▶ **PROVIDED RECORDS**:
*** Block opens ***

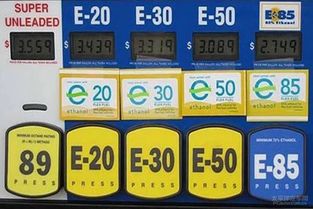 巴西乙醇汽车总量多少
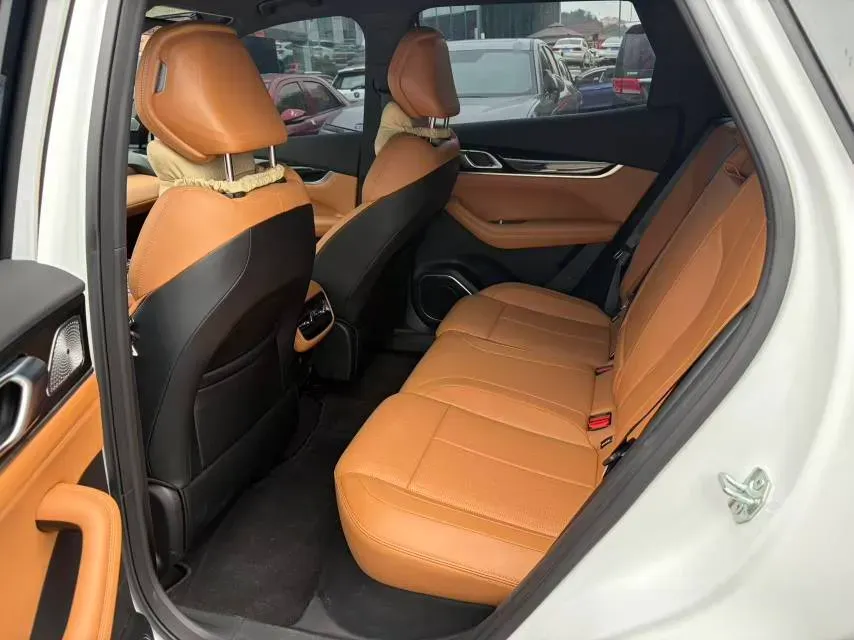 2025 Geely StarRay 1.5T 181HP L4 7DCT,autocango,china used car exporter,china ev exporter,chinese used car exporter,chinese used ev exporter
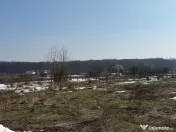 Domnești, teren langa pădure, 420mp, utilități, deschid 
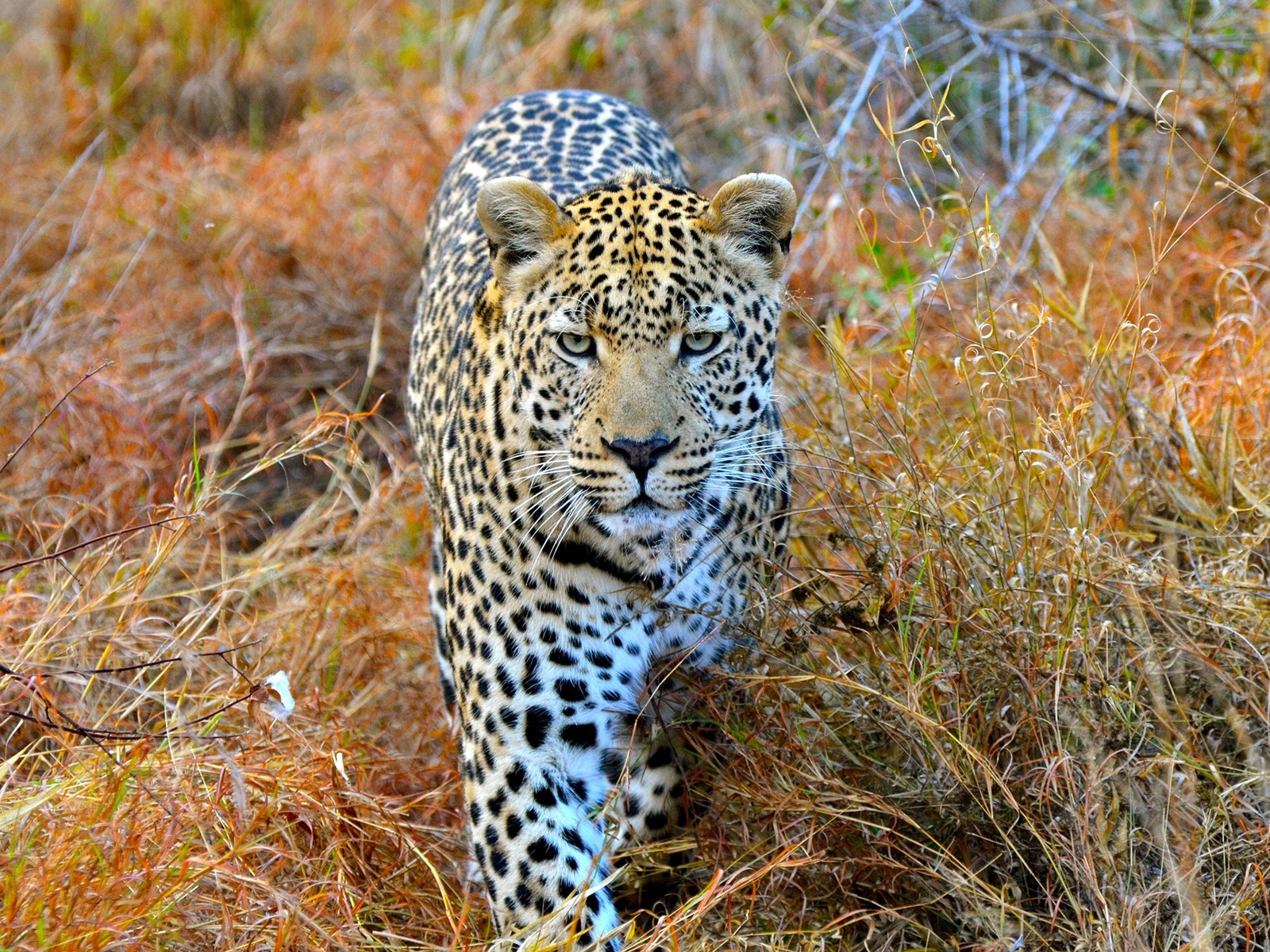 Uma girafa caminhando pela vegetação na natureza com um fundo desfocado (leopardo, guepardo, jaguar, leopardo das neves, tigre)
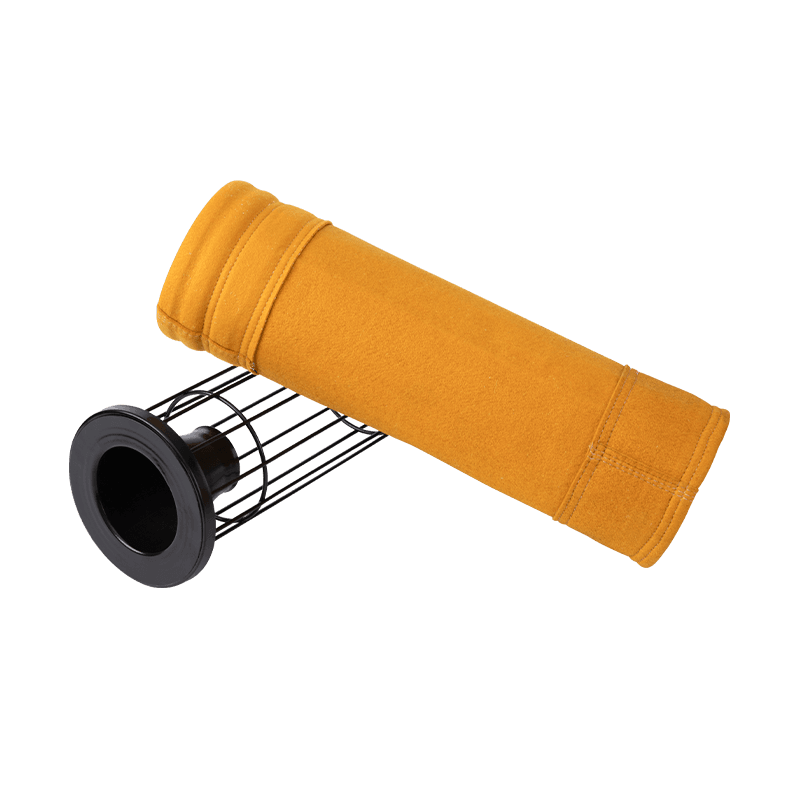 P84 acus Punctum sensit filter sacculos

*** Block closes ***

▶ **EXERCISE OBJECTIVE**:
Please output every record above exactly as written, leaving out the pictures.

▶ **RESULT**:
 巴西乙醇汽车总量多少
 2025 Geely StarRay 1.5T 181HP L4 7DCT,autocango,china used car exporter,china ev exporter,chinese used car exporter,chinese used ev exporter
 Domnești, teren langa pădure, 420mp, utilități, deschid 
 Uma girafa caminhando pela vegetação na natureza com um fundo desfocado (leopardo, guepardo, jaguar, leopardo das neves, tigre)
 P84 acus Punctum sensit filter sacculos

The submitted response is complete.